Assigned task:
Retype, exactly and completely, the listing that comes next, skipping its images.

-------- Data block

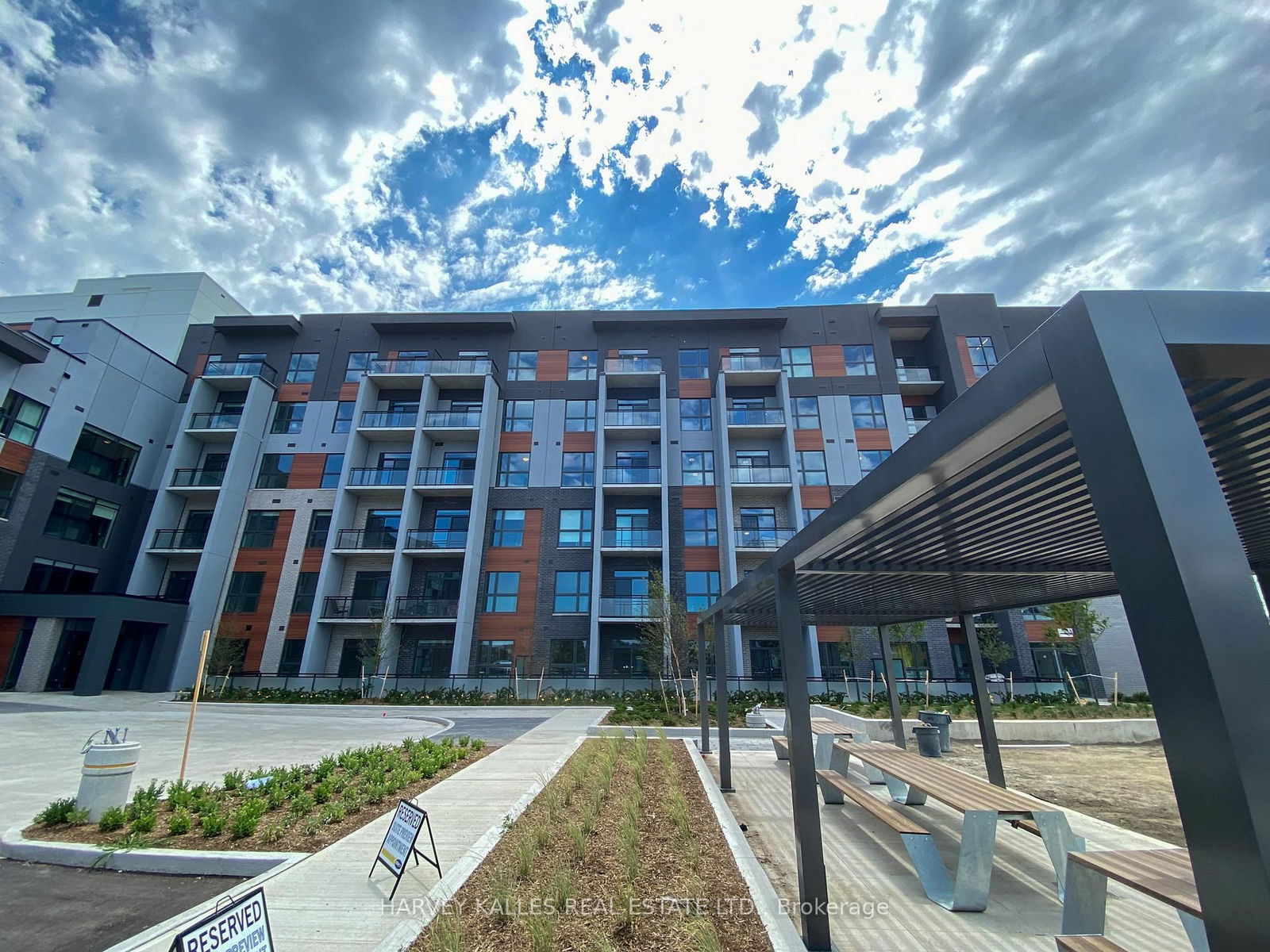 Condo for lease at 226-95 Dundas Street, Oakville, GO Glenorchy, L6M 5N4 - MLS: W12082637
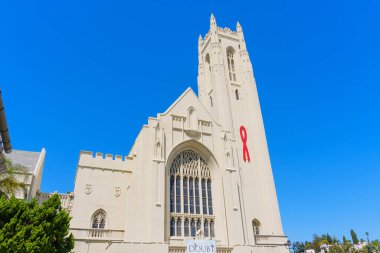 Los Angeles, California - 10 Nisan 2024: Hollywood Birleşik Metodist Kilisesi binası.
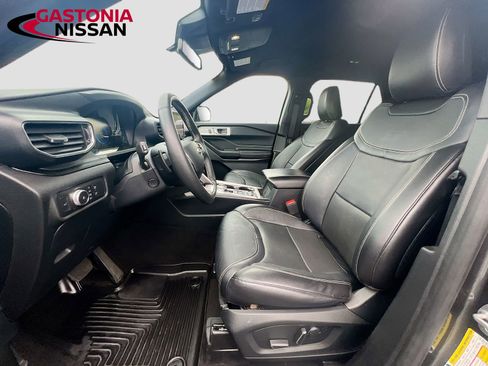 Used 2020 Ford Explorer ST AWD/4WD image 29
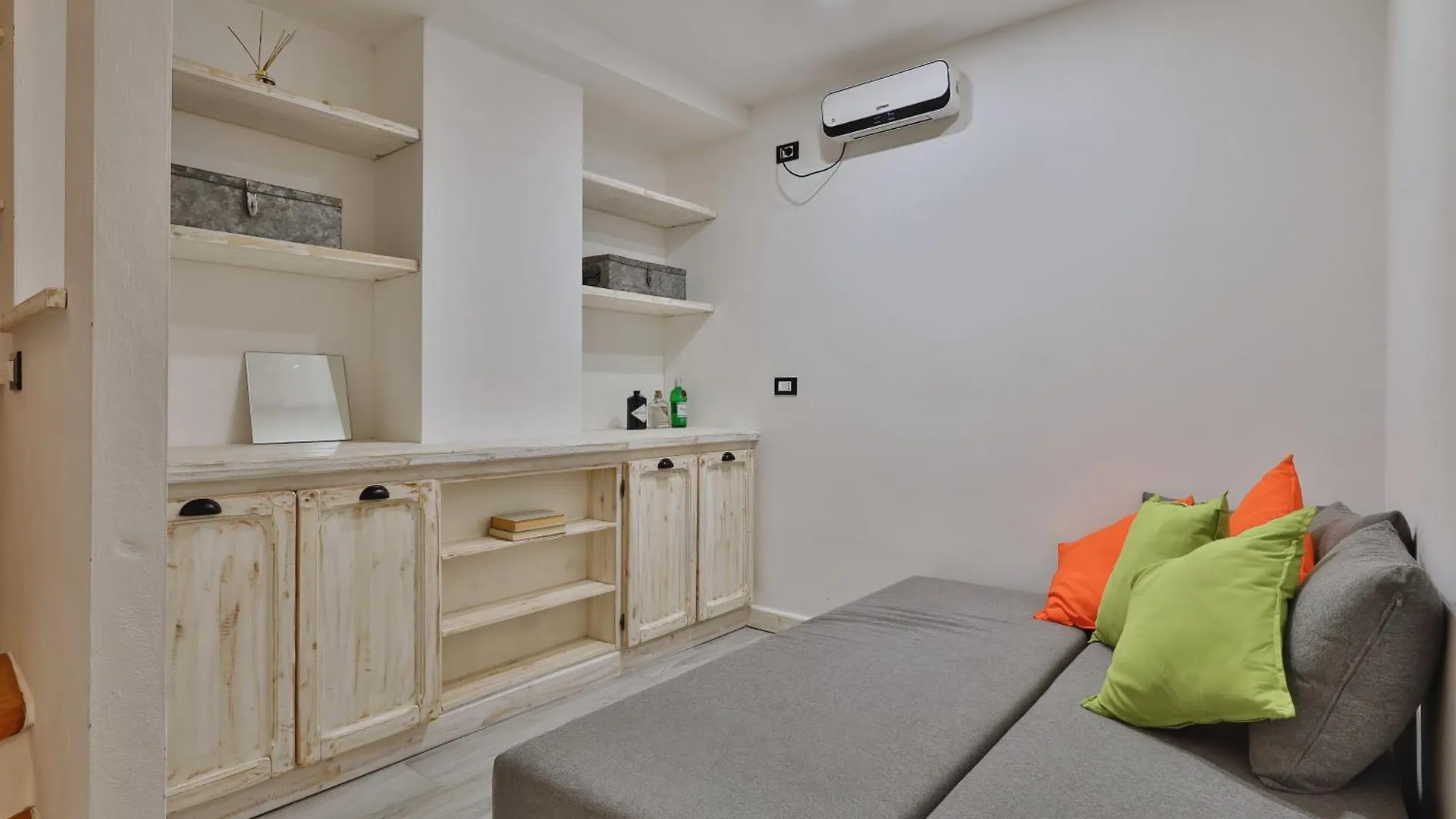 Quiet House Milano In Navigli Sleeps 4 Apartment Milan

----------------

Output for this exercise:
 Condo for lease at 226-95 Dundas Street, Oakville, GO Glenorchy, L6M 5N4 - MLS: W12082637
 Los Angeles, California - 10 Nisan 2024: Hollywood Birleşik Metodist Kilisesi binası.
 Used 2020 Ford Explorer ST AWD/4WD image 29
 Quiet House Milano In Navigli Sleeps 4 Apartment Milan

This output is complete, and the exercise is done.